Over 1,200 Redis Database Servers Compromised Using Custom State-of-the-Art Malware

A rapidly spreading malware, named “HeadCrab” by researchers at Aqua Security, has targeted vulnerable Redis servers on networks since September 2021.  The threat actor has been mining Monero cryptocurrency on open source Redis servers worldwide for years using a custom-made malware variant, “HeadCrab”, that is virtually undetectable by conventional antivirus tools. The malware operates in a stealthy manner, infiltrating over thousands of servers at least 1,200 Redis servers used by mostly smaller organizations as a database or cache. With the use of state-of-the-art technology, the sophisticated group behind the malware has bypassed traditional security measures, making it advanced and capable of evading detection, exploiting vulnerabilities, and compromising a significant number of Redis servers.

 

Researchers from Aqua Nautilus discovered the campaign when it hit one of their honeypots. HeadCrab is a sophisticated, memory-resident malware that presents an ongoing threat to internet-connected Redis servers.

 

Malware Attack Flow

The HeadCrab malware is able to spread rapidly due to the lack of authentication on Redis servers. Attackers exploit this vulnerability to gain access and propagate their botnet. Many of these servers don’t have authentication enabled, making them vulnerable to exploitation. The malware exploits the process of replicating and synchronizing data in a Redis Cluster by designating a server as a “slave” to another “master” server within the cluster. This allows the malware to download a malicious Redis module containing the HeadCrab malware. The malware heavily relies on the Redis Modules API to communicate with its operator and is specifically built for Redis servers. It implements sophisticated obfuscation features to remain hidden, executes over 50 actions in a completely fileless fashion, and uses a dynamic loader to evade detection. The threat actor is modifying the normal behavior of the Redis service to avoid detection.

 

Administrators must be vigilant in securing their local network to prevent unauthorized access. The HeadCrab malware is installed after the system is hijacked, giving the threat actors complete control of the targeted server. The malware is designed to mine cryptocurrency and execute shell commands, as well as transmit data and load file-less kernel modules. To evade detection, the malware deletes log files and only communicates with servers under its control. The attackers seem to be specifically targeting Redis servers due to their knowledge of the Redis modules and APIs.

 

Annual Profit & Redis Commands

It has been determined that the Monero wallet linked to this botnet generated an annual profit of approximately $4,500 as a result of the attackers’ activities.

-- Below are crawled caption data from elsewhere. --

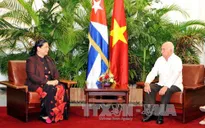 Phó Chủ tịch Quốc hội Tòng Thị Phóng hội kiến các lãnh đạo Cuba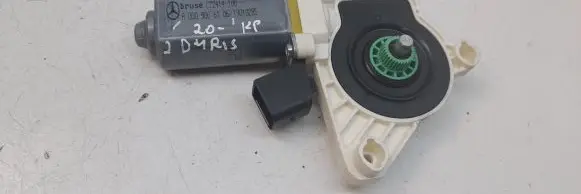 Mercedes-Benz E W238 Front door window regulator motor A0009066106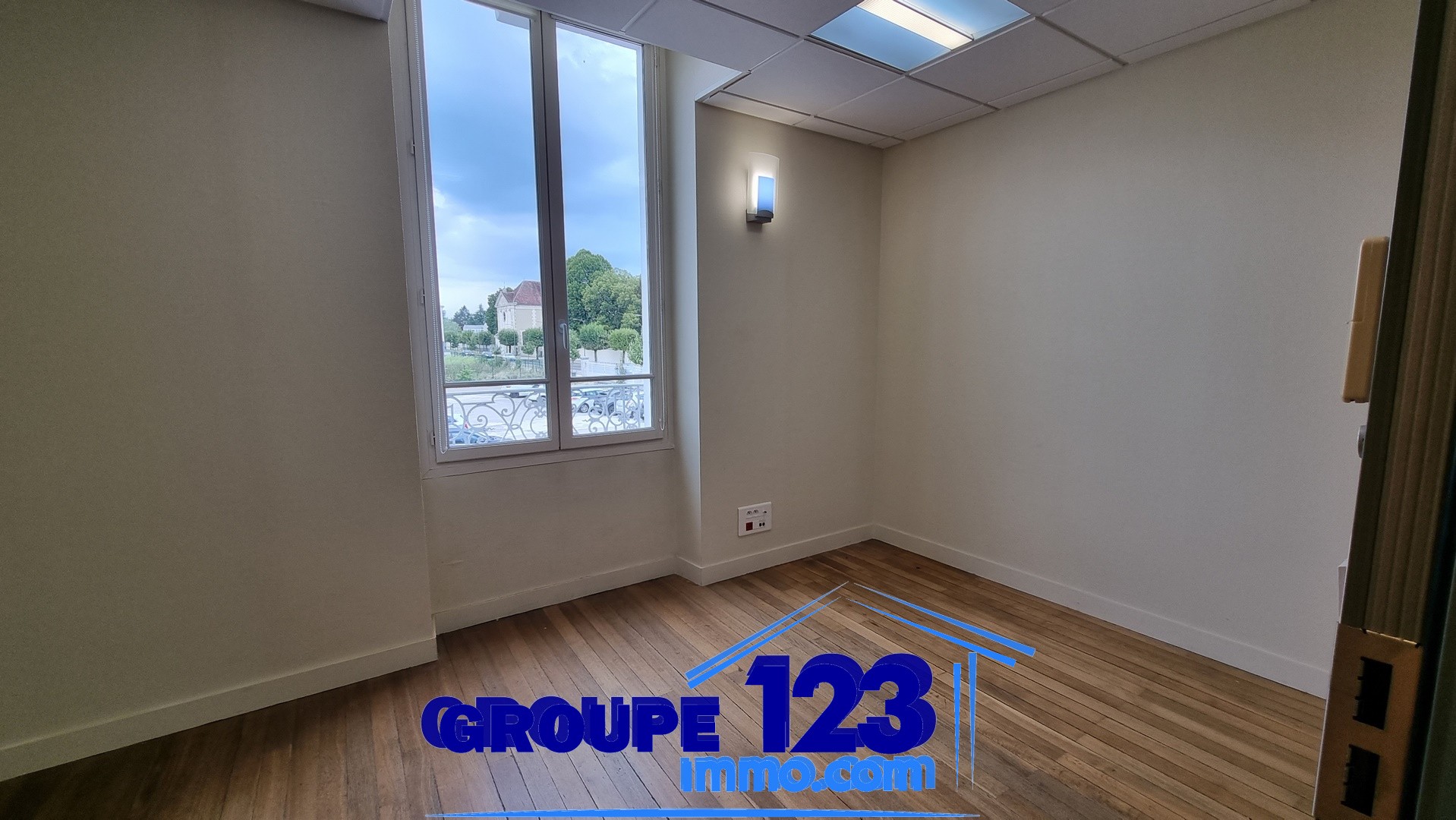 Location Bureau / Commerce à Auxerre 0 pièce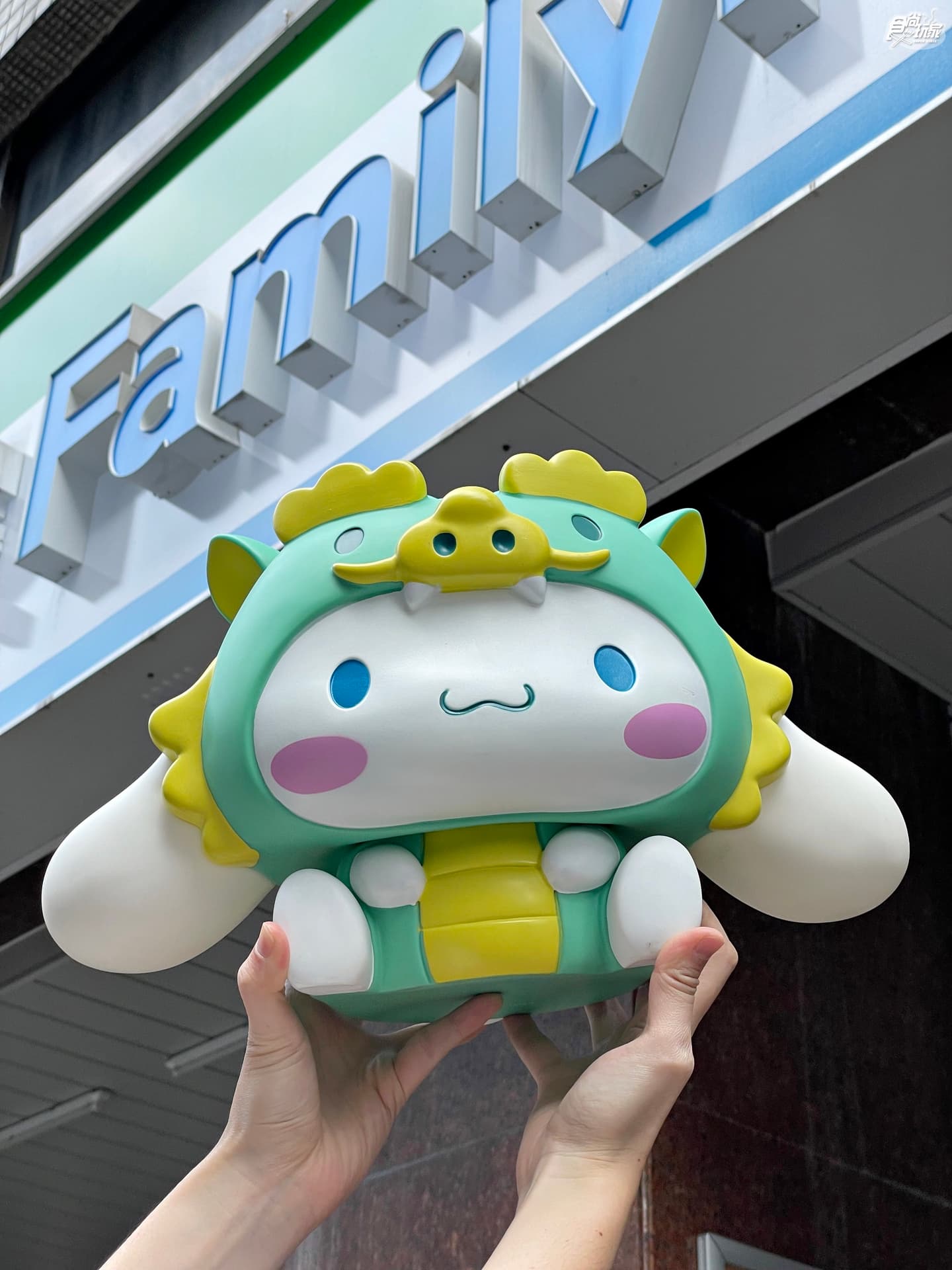 全家超Q卡通龍年禮盒！超巨大耳狗、KITTY拍拍燈、恐龍兔兔P助199元起入手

Profit margins like this are much higher than what is usually earned by similar operations, which make $200/worker on average.

Here below we have mentioned all the Redis commands that are utilizingd to operate the malware by the threat actor:-

• rdsa
• rdss
• rdsp
• rdsi
• rdsm
• rdsc
• rdsr
• rdsx

Whether it’s running on a virtual machine or in a container, the HeadCrab malware is designed to stealthily attack on Redis servers.

 

Mitigation

To strengthen security and reduce the security risks associated with Redis servers, it’s recommended to:

 

• Limit access to Redis only to trusted clients.
• Enable protected mode for added security.
• Use the “bind” parameter to restrict communication to known hosts.
• Disable the “slave of” feature if it is not in use.
• Verify the integrity of the software supply chain.
• Empower your DevOps, developers, and security teams to identify vulnerabilities using vulnerability and misconfiguration scanning tools.